In fact, the little guys will always outperform the professionals, so long as they don't try to compete

To many, the prosecution of hedge fund chief Raj Rajaratnam was final evidence that the glory days of the small individual investor had passed. We already knew that amateur investors lacked the resources to match the research efforts of sophisticated institutions and hedge funds. The rise of automated trading systems that continually scan the markets and trade in time frames approaching microseconds introduced another dimension to the market that was well beyond the reach of individual investors. Then, we learned that well-connected hedge fund managers were paying for market information in surreptitious deals of which individual investors knew nothing at the time.
It is not surprising that many individual investors, and many pundits as well, concluded that the best course of action was to put one's money with a sophisticated hedge fund or go home. Amateurs could no longer possibly compete effectively in the modern marketplace.
Such views, though intuitively appealing, turn out to be completely wrong. In fact, if individual investors accept their limitations and act wisely, they will always outperform active professional investors on average! Furthermore, this surprising conclusion does not depend on complex economic arguments involving market efficiency or rationality: it is a direct result of basic arithmetic. A simple example illustrates why amateur investors should not despair.
Take all stock market investors and divide them into two groups: passive and active.
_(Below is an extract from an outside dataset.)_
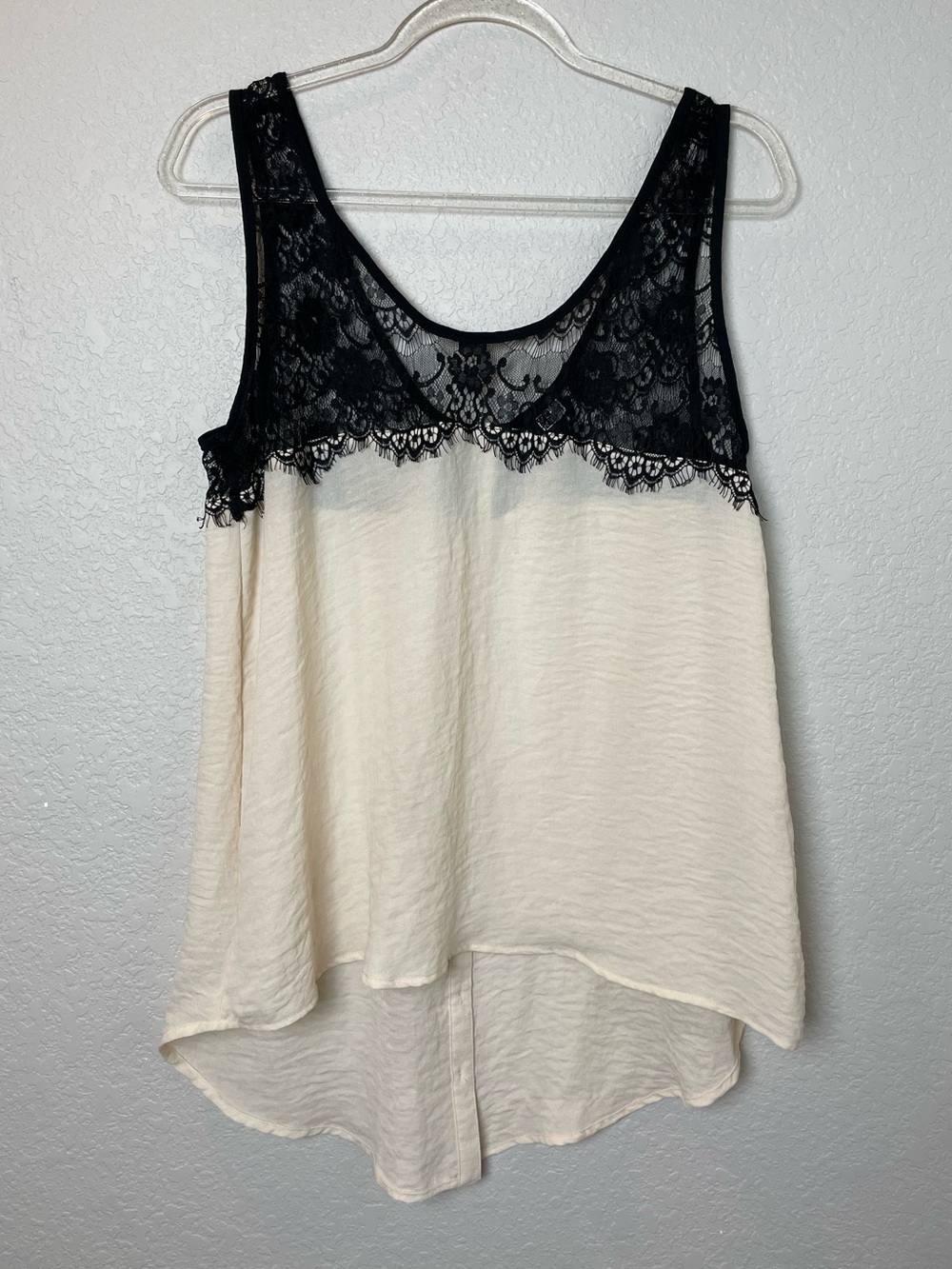 Very J Two-Tone Lace Yoke Camisole — Black Lace & Ivory Body Size L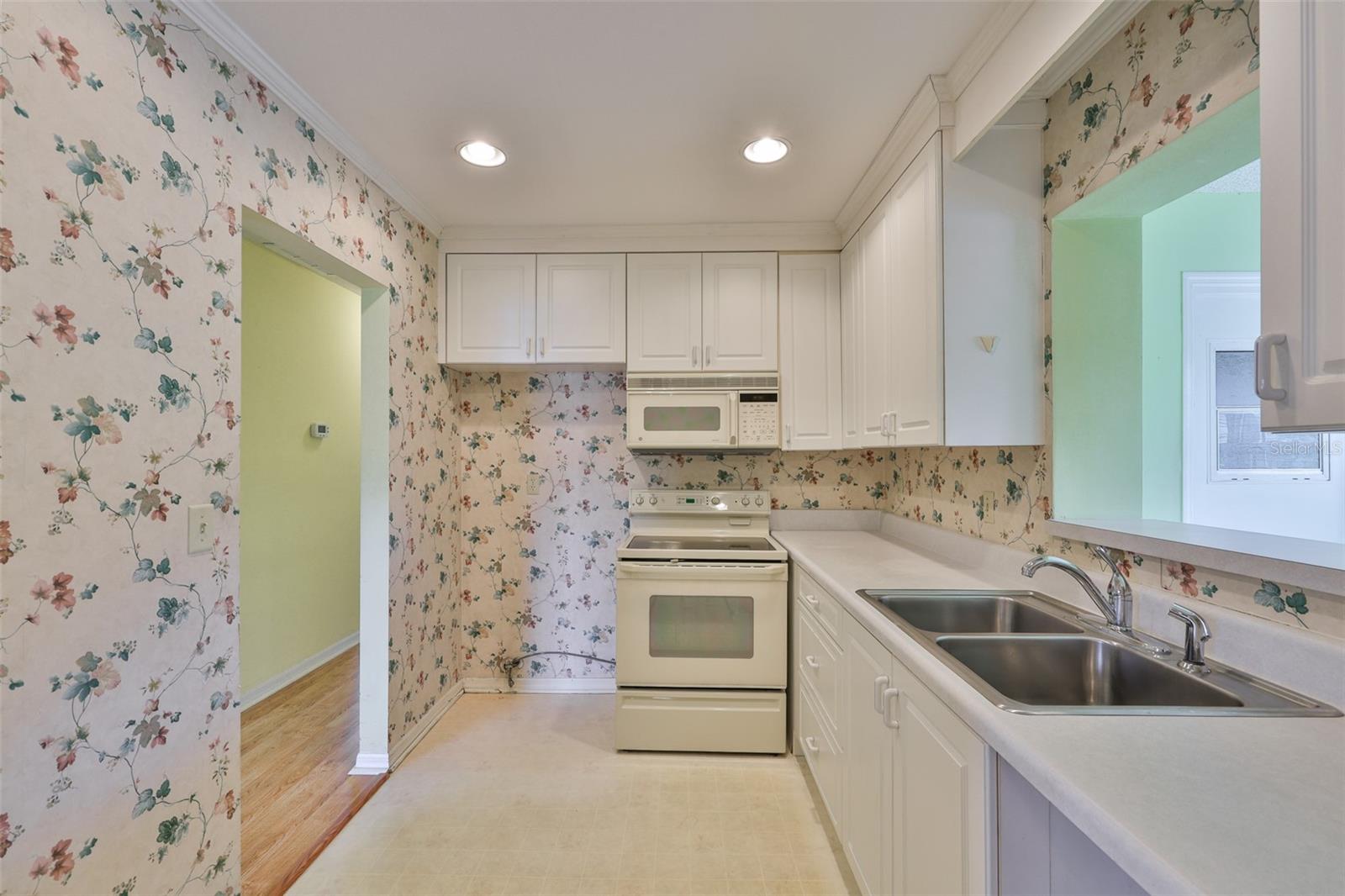 1908 Canterbury Unit 20, Sun City Center, FL 33573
The passive group is composed of individual investors who conclude that they possess neither the information nor the skills to compete with active professional investors. These passive investors buy an index fund designed to match movements in the market as a whole. Such funds are available at very low cost, because no active management is required. The active group consists of everyone else, but is composed primarily of active professional investors.
Now suppose in a given year that the market rises by 10%. The index fund, by construction, matches the market so passive individual investors earn 10%. But if the market goes up 10% and the passive group earns 10%, then the active group must also earn 10% because the market consists of active and passive investors.
For the active investors, however, this 10% does not include expenses. Active investing isn't cheap. These investors design and implement expensive computers systems, hire sophisticated traders (who get paid many millions of dollars), and/or pay people for inside tips. When these expenses are netted out the active group as a whole must earn less than 10%.
In other words, the professionals as a group must always underperform passive amateurs as a group. This holds whether the market rises or falls and whether the market is responding rationally or emotionally. The small individual investors as group will always outperform the Wall Street titans as a group, after expenses.
It should be stressed that this conclusion holds on a group-wide basis. Within the group of active investors, some will most likely have done much better than 10% (before expenses) and others much worse. If an individual investor ventures to enter the world of the active traders, then he or she will likely be part of the poorly performing subgroup due to the advantages sophisticated investors enjoy.
This analysis makes clear that the threat to the individual investor is not being in the market, it is actively playing the market. Small investors who passively hold a portfolio indexing the market can be assured that they will outperform active investors overall. However, should they decide to become active themselves, all bets are off. In this respect, fictional police officer Dirty Harry had some sage investment advice: "A man's got to know his limitations." If amateurs accept their limitations, stocks continue to be a wise investment.